Clementine Malpas is an award-winning British filmmaker who has spent most of her career in countries rent by strife and war, telling the stories of ordinary people whose lives have been upended.

Her film about women’s prisons in Afghanistan led to two innocent women being freed. One of them, who had been jailed for being raped, won a presidential pardon as a result of Clementine’s work.

A co-founder of Tiger Nest Films, Clementine makes documentaries and short news films for a range of international broadcasters including NetFlix, CNN, PBS, Al Jazeera and Channel 4.

In 2013 Angelina Jolie asked Tiger Nest Films to record her work as the special envoy for the UN Refugee Agency, UNHCR. They have worked together on more than seven films, with refugees from Syria, Iraq, Burma, South Sudan and the Democratic Republic of Congo, among others.

In 2016 Clementine and her co-director Leslie Knott worked with the Oscar winning actress Cate Blanchett and acclaimed photographers Tom Stoddart and Lynsey Addario to document refugee journeys for the Annenberg Foundation.
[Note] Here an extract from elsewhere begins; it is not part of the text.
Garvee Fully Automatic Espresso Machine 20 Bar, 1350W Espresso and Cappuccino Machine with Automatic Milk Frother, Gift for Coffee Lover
The film, which followed refugees on five continents, was released on NetFlix and won the jury award at the 2017 Newport Beach Film Festival.

Clementine’s film about Nigerian women trafficked into Italy, where they are forced to work as sex-workers, saw off competition from 140 countries to win the Social Impact Media Award in 2017. The film, for the Guardian newspaper, focused on the plight of thousands of women and girls forced into prostitution in Asti, Sicily.

Clementine has also worked with a number of international humanitarian organisations including Unicef, Oxfam, the Aga Khan Foundation, World Vision and the World Bank.